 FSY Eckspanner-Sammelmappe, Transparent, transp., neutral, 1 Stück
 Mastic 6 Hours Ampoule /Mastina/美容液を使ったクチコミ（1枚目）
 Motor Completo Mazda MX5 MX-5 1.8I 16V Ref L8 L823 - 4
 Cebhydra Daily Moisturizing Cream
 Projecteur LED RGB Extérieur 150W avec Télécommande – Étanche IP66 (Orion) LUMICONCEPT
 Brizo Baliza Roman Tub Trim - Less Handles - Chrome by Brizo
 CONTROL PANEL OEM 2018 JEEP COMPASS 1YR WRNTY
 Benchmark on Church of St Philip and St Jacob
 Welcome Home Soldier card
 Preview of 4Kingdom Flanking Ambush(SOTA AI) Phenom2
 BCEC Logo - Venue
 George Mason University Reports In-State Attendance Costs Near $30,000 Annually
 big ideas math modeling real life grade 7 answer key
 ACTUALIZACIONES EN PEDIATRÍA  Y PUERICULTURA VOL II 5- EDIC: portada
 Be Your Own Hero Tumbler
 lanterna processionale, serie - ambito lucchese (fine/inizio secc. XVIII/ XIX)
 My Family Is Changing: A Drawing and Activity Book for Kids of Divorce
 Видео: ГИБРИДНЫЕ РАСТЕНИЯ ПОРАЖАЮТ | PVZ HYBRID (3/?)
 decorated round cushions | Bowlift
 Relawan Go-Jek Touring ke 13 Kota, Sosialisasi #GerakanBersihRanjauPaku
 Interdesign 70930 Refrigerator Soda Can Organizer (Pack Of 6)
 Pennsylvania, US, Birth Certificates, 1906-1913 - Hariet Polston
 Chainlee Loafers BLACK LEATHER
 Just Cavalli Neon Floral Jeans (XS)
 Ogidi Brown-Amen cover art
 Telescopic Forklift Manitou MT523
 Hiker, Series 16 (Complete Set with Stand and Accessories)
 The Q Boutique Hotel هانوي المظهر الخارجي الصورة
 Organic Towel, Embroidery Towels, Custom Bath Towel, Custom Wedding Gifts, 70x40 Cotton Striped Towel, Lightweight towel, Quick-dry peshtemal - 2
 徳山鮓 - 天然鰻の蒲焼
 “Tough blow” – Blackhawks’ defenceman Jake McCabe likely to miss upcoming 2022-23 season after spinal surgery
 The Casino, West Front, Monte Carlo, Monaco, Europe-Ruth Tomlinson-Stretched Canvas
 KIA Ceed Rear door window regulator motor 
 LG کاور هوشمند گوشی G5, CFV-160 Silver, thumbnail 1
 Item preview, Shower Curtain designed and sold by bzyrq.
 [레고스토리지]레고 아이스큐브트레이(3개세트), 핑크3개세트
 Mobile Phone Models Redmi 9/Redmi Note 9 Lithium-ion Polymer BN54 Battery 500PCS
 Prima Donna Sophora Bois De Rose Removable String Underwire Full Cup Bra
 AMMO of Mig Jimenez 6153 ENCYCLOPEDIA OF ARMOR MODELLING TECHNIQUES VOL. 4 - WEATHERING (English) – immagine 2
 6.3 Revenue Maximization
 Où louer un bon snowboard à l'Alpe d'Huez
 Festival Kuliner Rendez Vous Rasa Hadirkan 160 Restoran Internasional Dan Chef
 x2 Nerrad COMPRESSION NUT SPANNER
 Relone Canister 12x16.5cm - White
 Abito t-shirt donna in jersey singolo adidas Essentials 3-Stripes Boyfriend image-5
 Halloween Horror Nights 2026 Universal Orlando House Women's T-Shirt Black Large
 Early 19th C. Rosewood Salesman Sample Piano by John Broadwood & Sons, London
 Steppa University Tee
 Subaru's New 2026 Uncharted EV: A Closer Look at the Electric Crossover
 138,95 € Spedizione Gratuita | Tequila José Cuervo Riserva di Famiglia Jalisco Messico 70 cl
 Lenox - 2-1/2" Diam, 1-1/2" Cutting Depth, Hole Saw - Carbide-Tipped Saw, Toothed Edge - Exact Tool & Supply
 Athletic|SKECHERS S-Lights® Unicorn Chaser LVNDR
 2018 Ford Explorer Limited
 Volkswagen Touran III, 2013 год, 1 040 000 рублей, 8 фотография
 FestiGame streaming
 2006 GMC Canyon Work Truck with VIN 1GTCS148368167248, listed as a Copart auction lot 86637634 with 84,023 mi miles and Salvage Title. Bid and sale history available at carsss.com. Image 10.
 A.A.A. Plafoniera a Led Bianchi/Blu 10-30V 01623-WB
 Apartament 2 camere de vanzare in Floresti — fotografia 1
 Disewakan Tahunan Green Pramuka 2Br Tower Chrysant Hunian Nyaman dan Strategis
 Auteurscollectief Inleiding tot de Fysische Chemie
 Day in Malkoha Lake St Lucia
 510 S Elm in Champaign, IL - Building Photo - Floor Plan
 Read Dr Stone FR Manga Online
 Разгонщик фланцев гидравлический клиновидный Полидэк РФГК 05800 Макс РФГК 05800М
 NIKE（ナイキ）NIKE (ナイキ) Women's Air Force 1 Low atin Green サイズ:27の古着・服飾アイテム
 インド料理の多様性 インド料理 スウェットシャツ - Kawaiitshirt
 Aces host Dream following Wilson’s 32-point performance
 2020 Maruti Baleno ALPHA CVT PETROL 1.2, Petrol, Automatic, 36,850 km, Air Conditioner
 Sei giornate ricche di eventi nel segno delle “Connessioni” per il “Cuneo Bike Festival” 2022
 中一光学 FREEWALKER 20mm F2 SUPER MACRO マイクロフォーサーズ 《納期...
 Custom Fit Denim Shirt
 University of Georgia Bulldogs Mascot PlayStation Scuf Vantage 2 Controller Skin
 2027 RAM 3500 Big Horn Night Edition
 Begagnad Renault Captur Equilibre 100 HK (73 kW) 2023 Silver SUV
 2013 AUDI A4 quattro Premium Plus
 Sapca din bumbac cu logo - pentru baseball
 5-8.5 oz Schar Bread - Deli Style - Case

▶ What is required
Please reproduce, exactly as they appear above, the lines from the line containing "徳山鮓 - 天然鰻の蒲焼" up to and including the line containing "Abito t-shirt donna".

▶ Task response
 徳山鮓 - 天然鰻の蒲焼
 “Tough blow” – Blackhawks’ defenceman Jake McCabe likely to miss upcoming 2022-23 season after spinal surgery
 The Casino, West Front, Monte Carlo, Monaco, Europe-Ruth Tomlinson-Stretched Canvas
 KIA Ceed Rear door window regulator motor 
 LG کاور هوشمند گوشی G5, CFV-160 Silver, thumbnail 1
 Item preview, Shower Curtain designed and sold by bzyrq.
 [레고스토리지]레고 아이스큐브트레이(3개세트), 핑크3개세트
 Mobile Phone Models Redmi 9/Redmi Note 9 Lithium-ion Polymer BN54 Battery 500PCS
 Prima Donna Sophora Bois De Rose Removable String Underwire Full Cup Bra
 AMMO of Mig Jimenez 6153 ENCYCLOPEDIA OF ARMOR MODELLING TECHNIQUES VOL. 4 - WEATHERING (English) – immagine 2
 6.3 Revenue Maximization
 Où louer un bon snowboard à l'Alpe d'Huez
 Festival Kuliner Rendez Vous Rasa Hadirkan 160 Restoran Internasional Dan Chef
 x2 Nerrad COMPRESSION NUT SPANNER
 Relone Canister 12x16.5cm - White
 Abito t-shirt donna in jersey singolo adidas Essentials 3-Stripes Boyfriend image-5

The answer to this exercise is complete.